Varlungo. Ecco il mio:

     Queste lagrime spargo e questi fiori,
signor, all’onorata vostra tomba,
poscia che ’n me non è si chiara tromba
ch’ardisca risonar vostri alti onori.
     Spargeste al mondo sì soavi odori
d’eterni frutti ch’ogni stil rimbomba
del gran Medico, e quindi qual colomba
volaste al ciel, del mortal velo fuori:
     onde quel successor degno vedete
che virtú abbraccia e ’l vizio calca e atterra,
mentre l'orme de’ vostri passi serba.
     Giusta cagion ch’ambi beati sète:
l’un che ’l ciel gode, l’altro che fa ’n terra
frutti maturi ne l’etate acerba.

Nuto. Piacemi veramente, e l’invenzione è bella, a lodare il duca Alessandro in morte e Cosimo in vita. Voi direte poi che ’l Varlungo non ha ingegno! Che di’, Visino? Tu dormi?

Visino. Sonniferar si dimanda, quando l’uomo tien chiusi gli occhi e ascolta e viene a udire quando una parola e quando un’altra. Io vo’ dire, poi che ogn’un dice, anch’io una canzona da ballo, che io mi feci comporre il primo dì di maggio, e la cantai in quello che io piantavo il maio all’uscio della mia inamorata.

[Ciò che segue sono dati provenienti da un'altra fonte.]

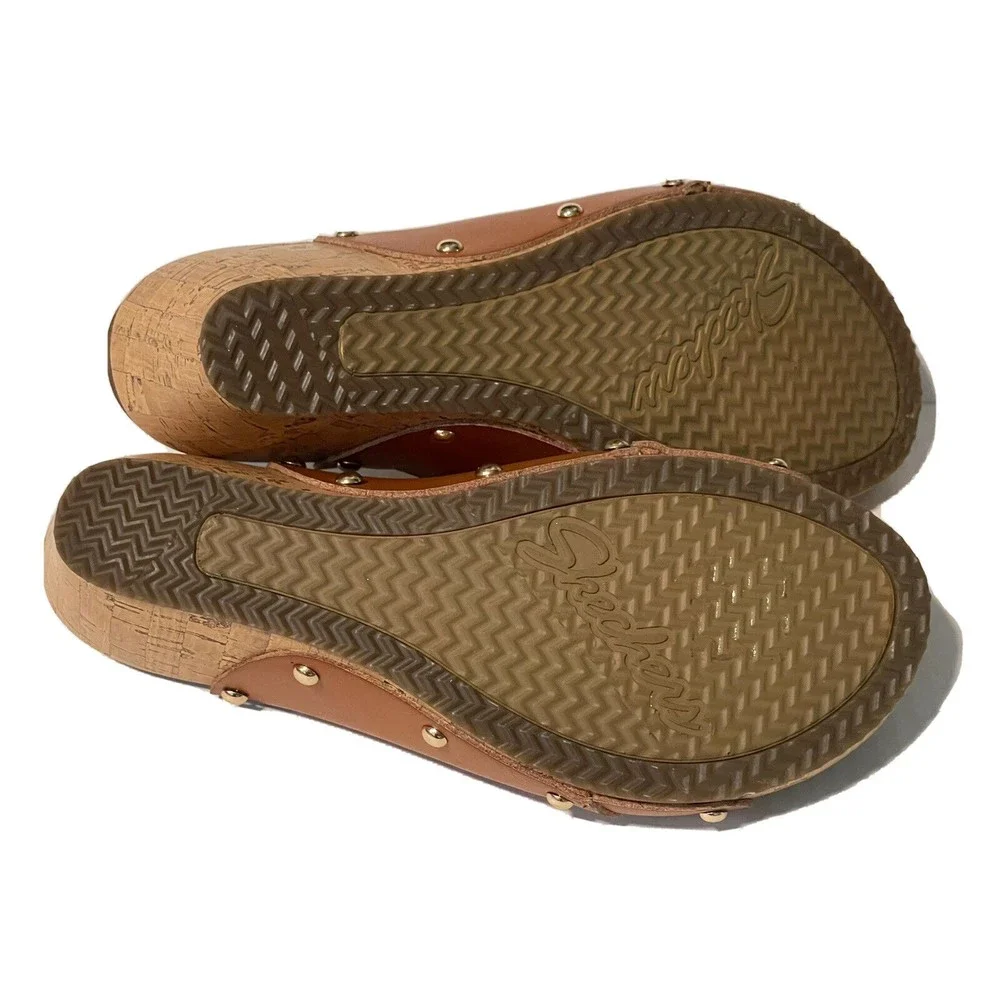 Skechers Luxe Foam Sz 9 M/39 EU Brown Cork Wedge￼ Strappy Sandals Slides C - Picture 9 of 9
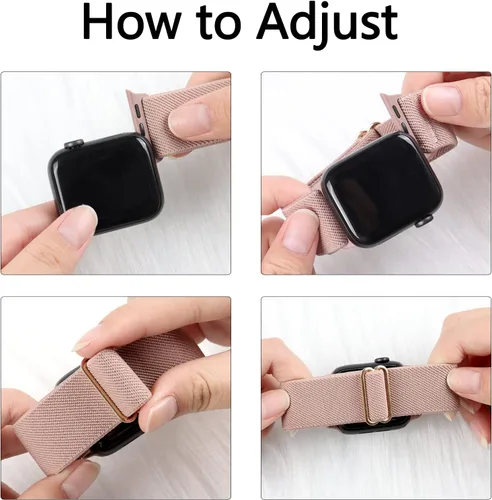 Miniatura 3 de Correa elástica de nailon compatible con Apple Watch de 38 mm, 40 mm, 41 mm, 42 mm, 44 mm, 45 mm, 46 mm, para mujeres y hombres, correa deportiva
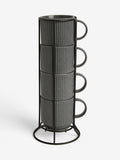Stamford charcoal grey stacking mugs set of 4 (British brand)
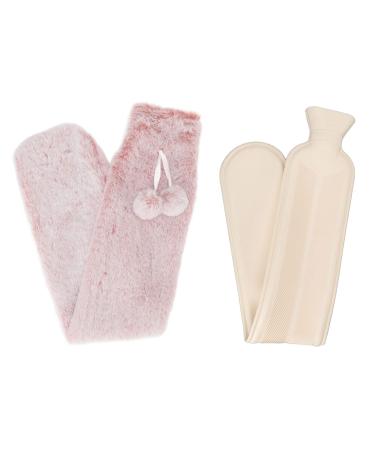 Chiciri's hand-brought water bag no leakage long plush hot hot water bag explosion-protected with cover for the office (pink and white)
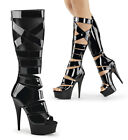 Stripper 6" black gladiator style knee strappy boots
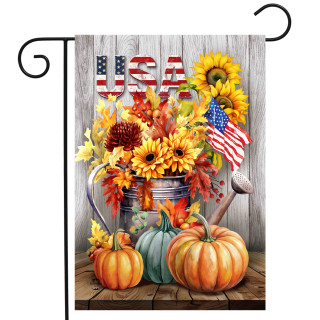 American Autumn Garden Flag with sunflowers, pumpkins, and USA theme on a rustic wooden background.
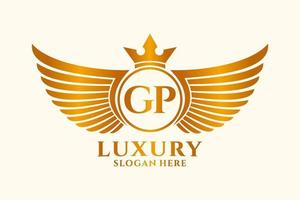 carta de ala real de lujo gp cresta vector de logotipo de color dorado, logotipo de victoria, logotipo de cresta, logotipo de ala, plantilla de logotipo vectorial.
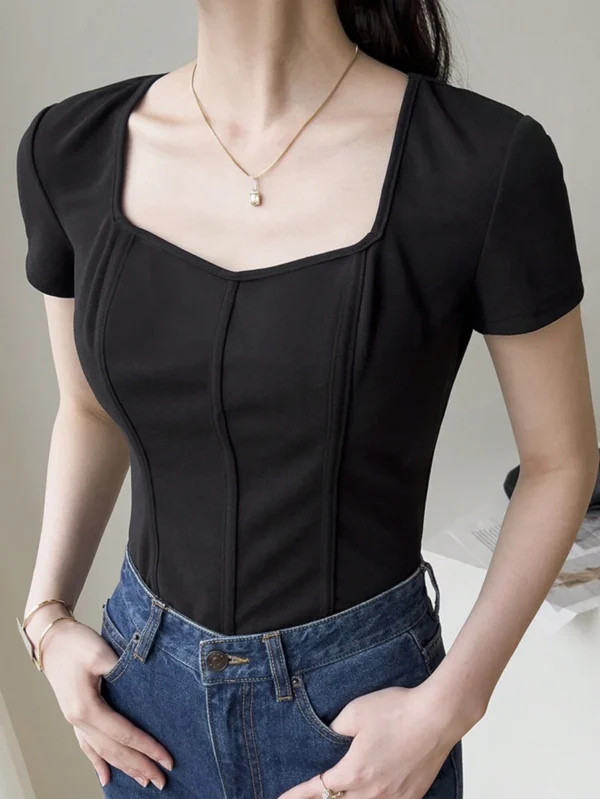 Camiseta de verano para mujer de manga corta con cuello de corazón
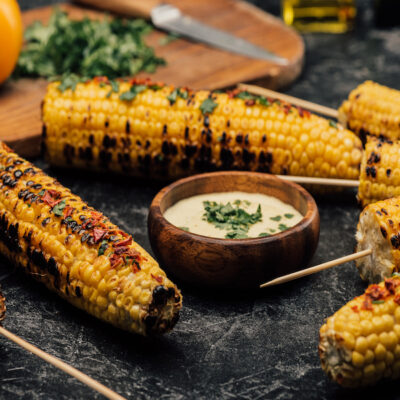 Grilled Corn with Sriracha Mayo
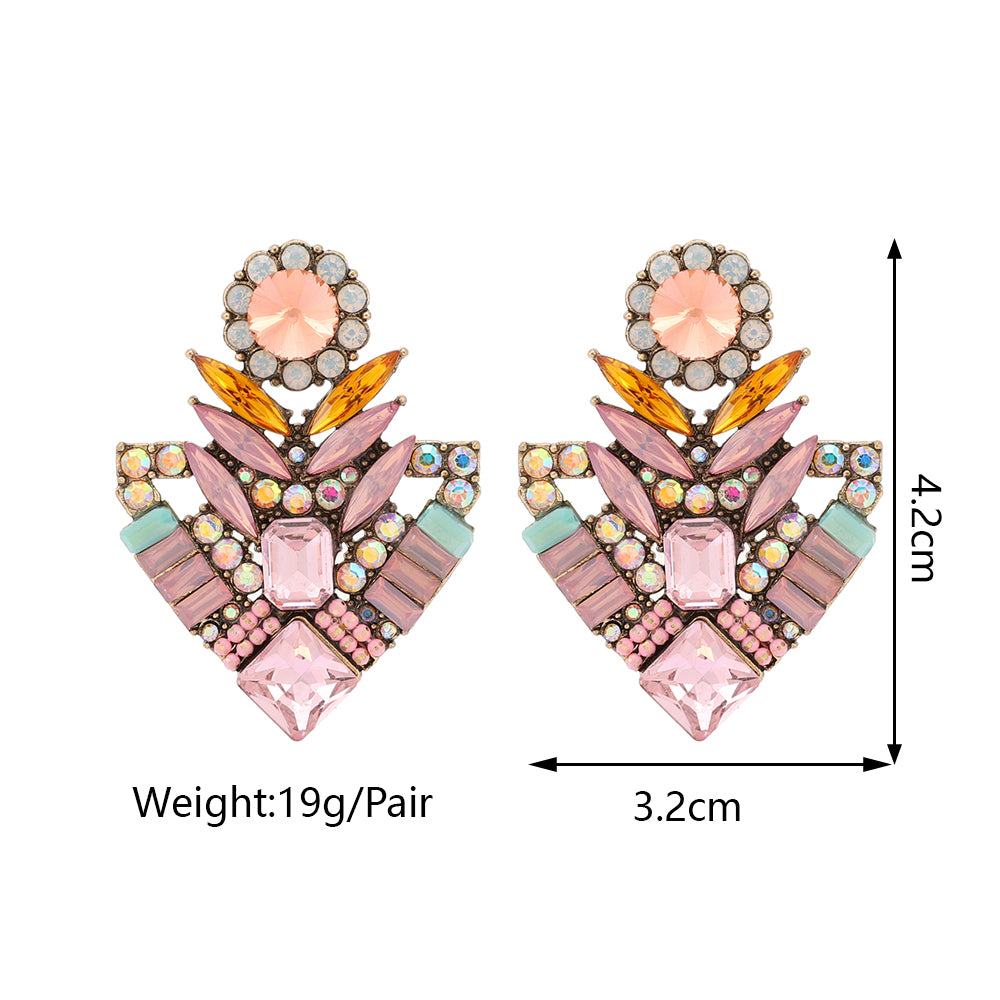 1 Pair Elegant Luxurious Korean Style Colorful Plating Metal Inlay Zinc Alloy Rhinestones Ear Studs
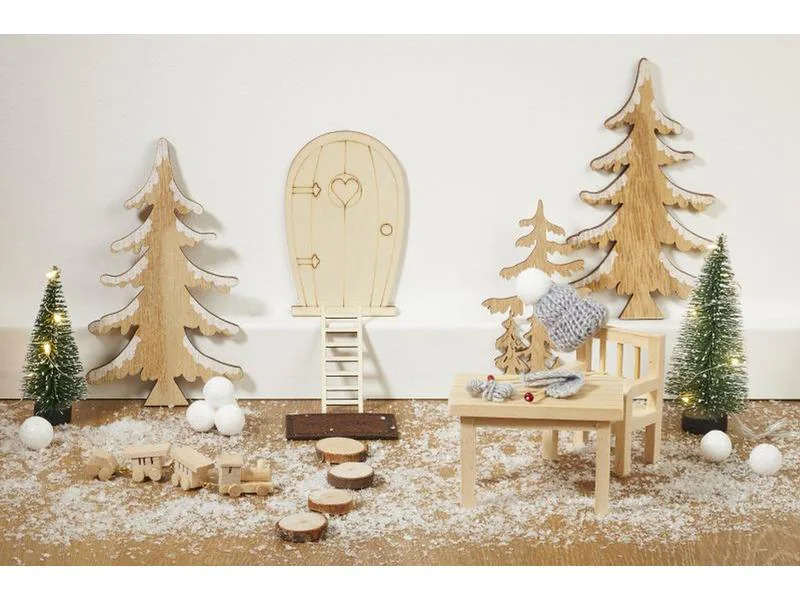 HobbyFun Holzscheiben Mini-Utensilien 20 mm, 10 Stück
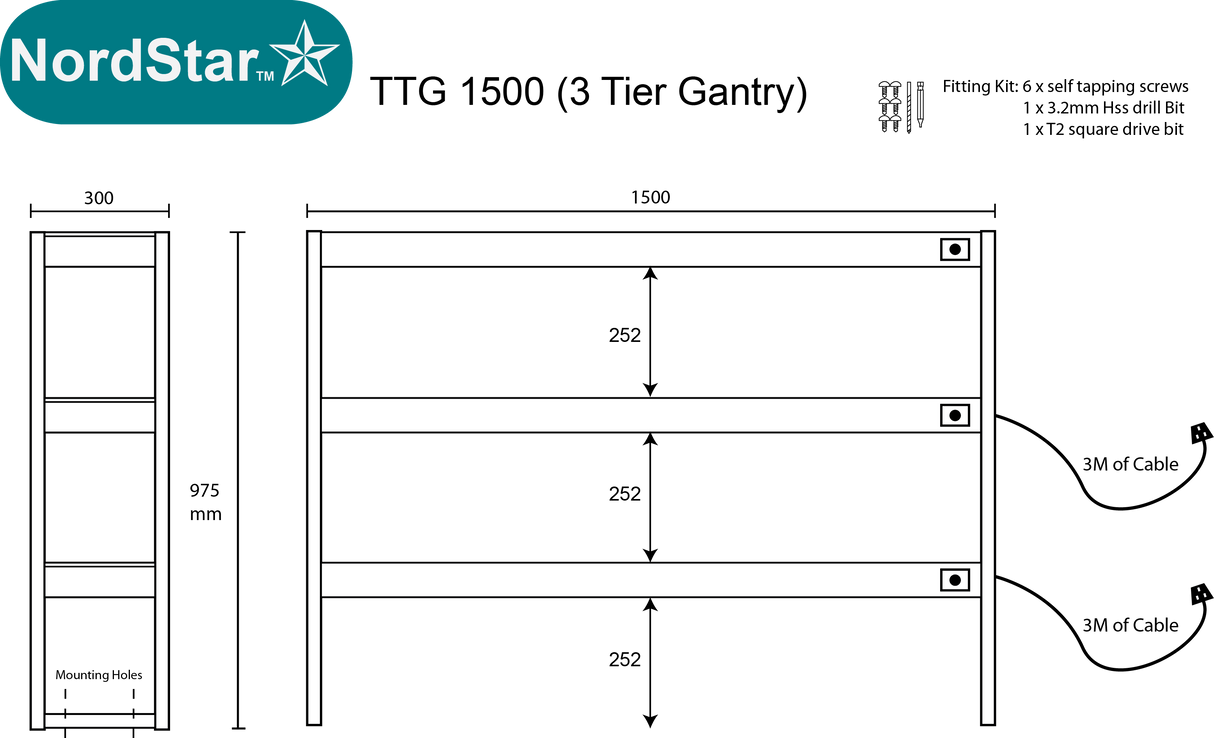 Nordstar Heated Gantry Triple Tier Chefs Rack Overshelf 1500mm 9 Quartz Lamp | TTG1500 Heated Gantry Chef's Rack Nordstar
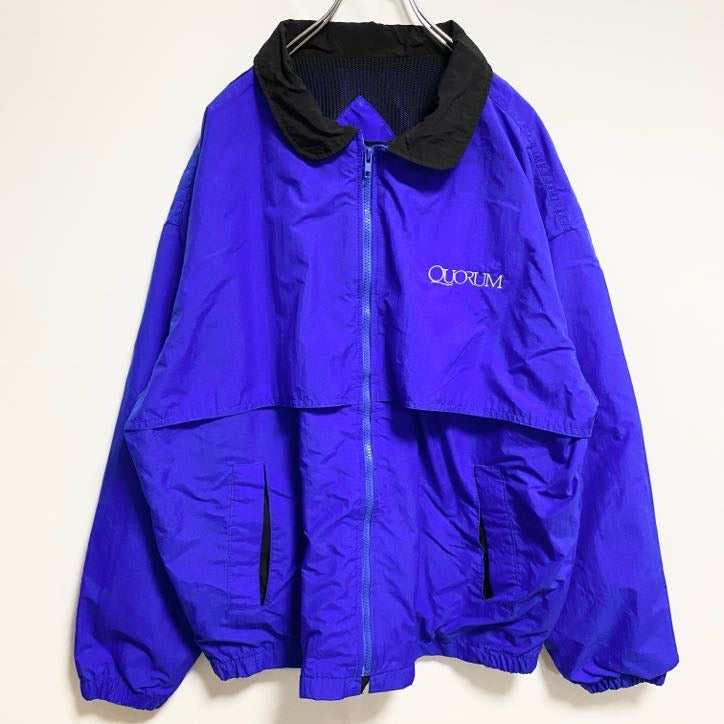 古着 used　USA製　Dunbrooke　ダンブルック　長袖ナイロンジャケット　ワンポイント刺繍　青　ブルー　秋冬服　Lサイズ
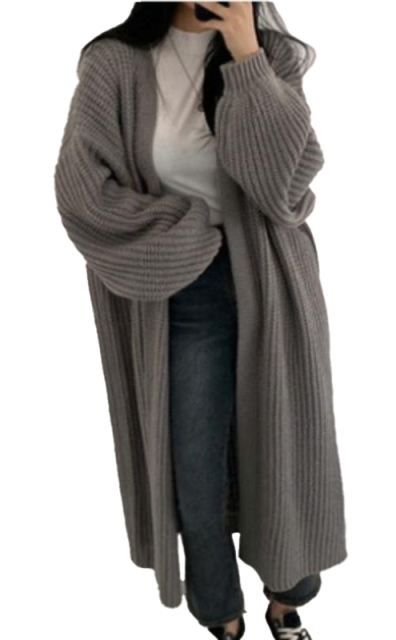 Customized Long Knitted Cardigan – Oversized Open Front Coat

Niccolò. La stava fresca a inamoráti!

Visino. Meglio che a voi; or su lasciatemi dire.

Niccolò. Di’, via, acciò che si dica stasera d’ogni fatta composizione.

Visino.   Nel vago, dolce, dilettoso maggio

cantian, pastori,
a piè di questo faggio
nostri felici amori,
5 ché ’l dio Pan porge orecchia al nostro canto.